Whippeting for me began when I was three-years-old.
It is a bizarre twist of fate that I was born in Overseal, the next door village to Church Gresley where the Old Hall Miners’ Welfare sports fields have for so long hosted the annual BWRA straight championships, the pinnacle of the whippet racing world, and where thirty-odd years later I’d scale those dizzy heights. One of my Dad’s mates was the local garage owner, known to us as uncle Ted (honorary rather the in blood), who in his spare time raced whippets. I can still see his two fawn bitches Tina and Mitzy in my mind’s eye and it was a pup from Tina that began our whippet journey as a family.

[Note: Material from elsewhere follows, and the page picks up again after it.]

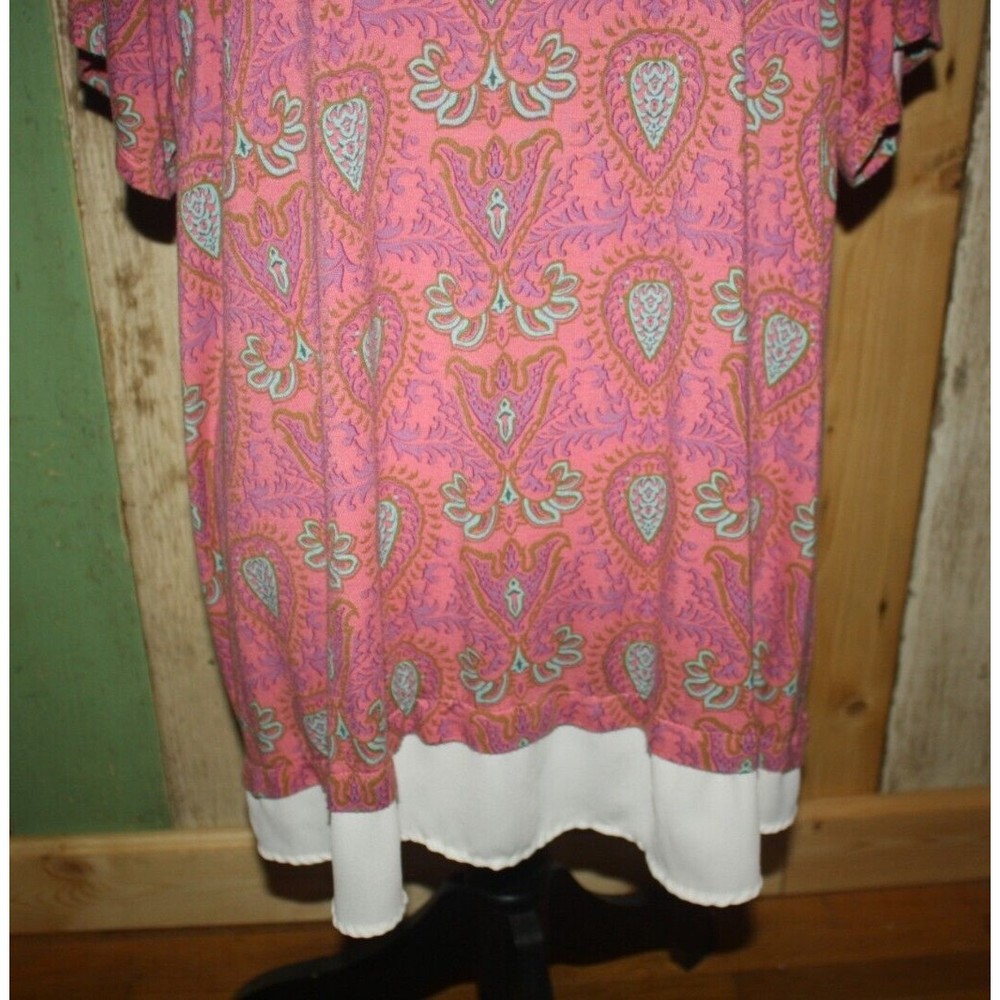 Rose + Olive Women's Top XXL 2XL Coral Purple Rayon Pullover Blouse Tunic Ladies - Picture 3 of 10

It was 1967, the year before the British Whippet Racing Association was formed. The summer of love had just unfolded in San Francisco and it would be two years before man landed on the moon. By the time we got our pup, Whisky, we had moved away from Derbyshire to Valley in Anglesey and we picked her up at a pub halfway between the two. She was fawn like her mother, but apparently unwanted because she was barrel-chested. She spent her first night sleeping on my pillow next to me but that was the end of luxurious living for her until her dotage.

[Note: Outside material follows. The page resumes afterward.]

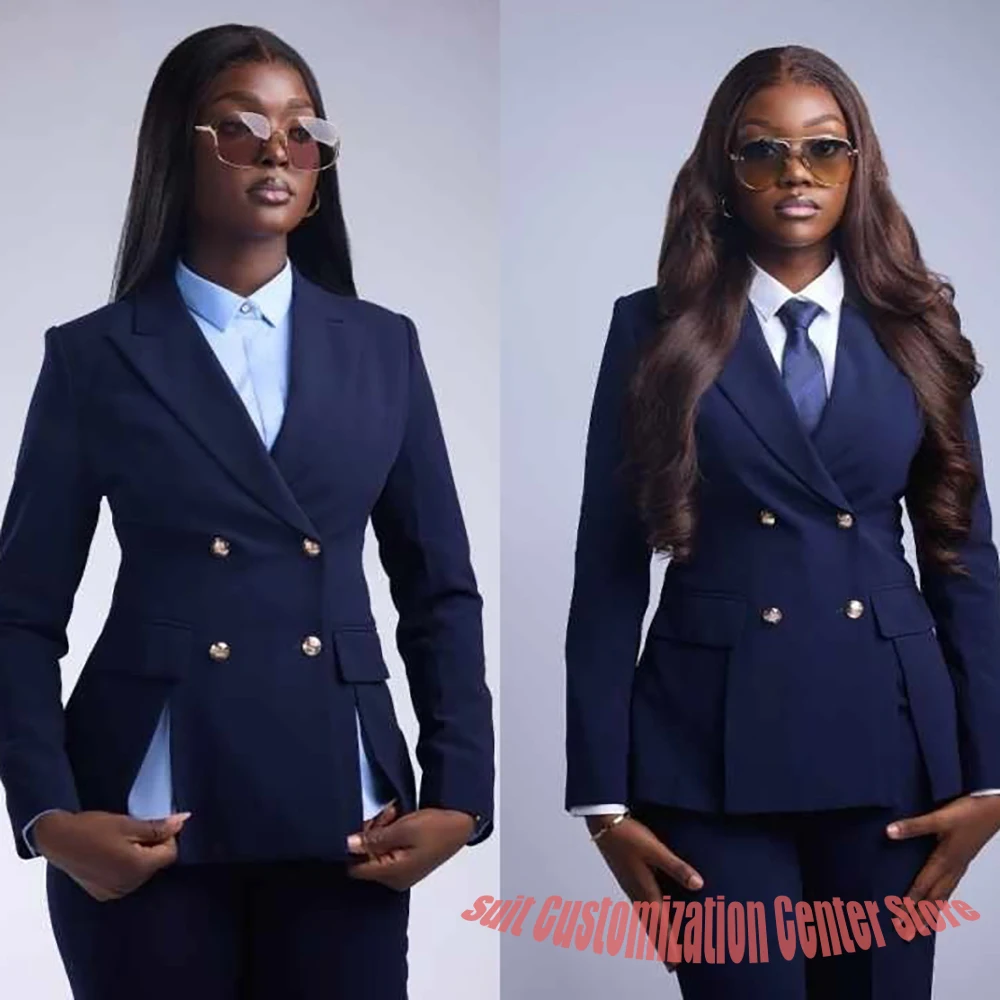 Classic Women's Navy Blue 2-Piece Suit Set Jacket Pants Double Breasted Blazer with Slit Formal Business Office Lady Wear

We were a middle-class family, but my parents had come from mining stock in South Yorkshire. My Dad’s family were farmers on the west coast of Ireland although his father never kept animals once he came over to England. My Mum’s dad though was a prolific poacher, kept ferrets, brought my mum waif and stray wild animals he found on his exploits, including a pipistrelle bat, which she kept as a pet, and had a succession of terribly behaved dogs. He was a dark, swarthy man who I remember always wearing a white shirt, black trousers and a thick brown leather belt. He is hard to reason because he was soft with both children and animals, but was the go-to man to put dogs down (which he’d take to the local woods and shoot). Anyway, training Whisky fell to my mother and she’d seen what being soft with dogs like her father had been led to so our first whippet slept in the porch in a basket and was not allowed on the furniture. I wouldn’t say my mother was hard on us as kids, but she had a temper when roused and we all four children had moments caught in a corner as she let fly defending ourselves like Frasier versus Ali. Whisky too got the wrong end of it when she regressed from having been housetrained.
Truth be told though both the dog and us kids had a fantastic life in Valley. We lived about half-a-mile from a deserted beach and tidal island and during summer holidays we’d set off with the dog after breakfast on some adventure and return only for meals. The island was full of rabbits and Whisky would swim to get across to it if she had to. Frequently she’d go rabbiting without us and spend most of the day away from home. They were different times and I don’t remember anybody making much fuss about it.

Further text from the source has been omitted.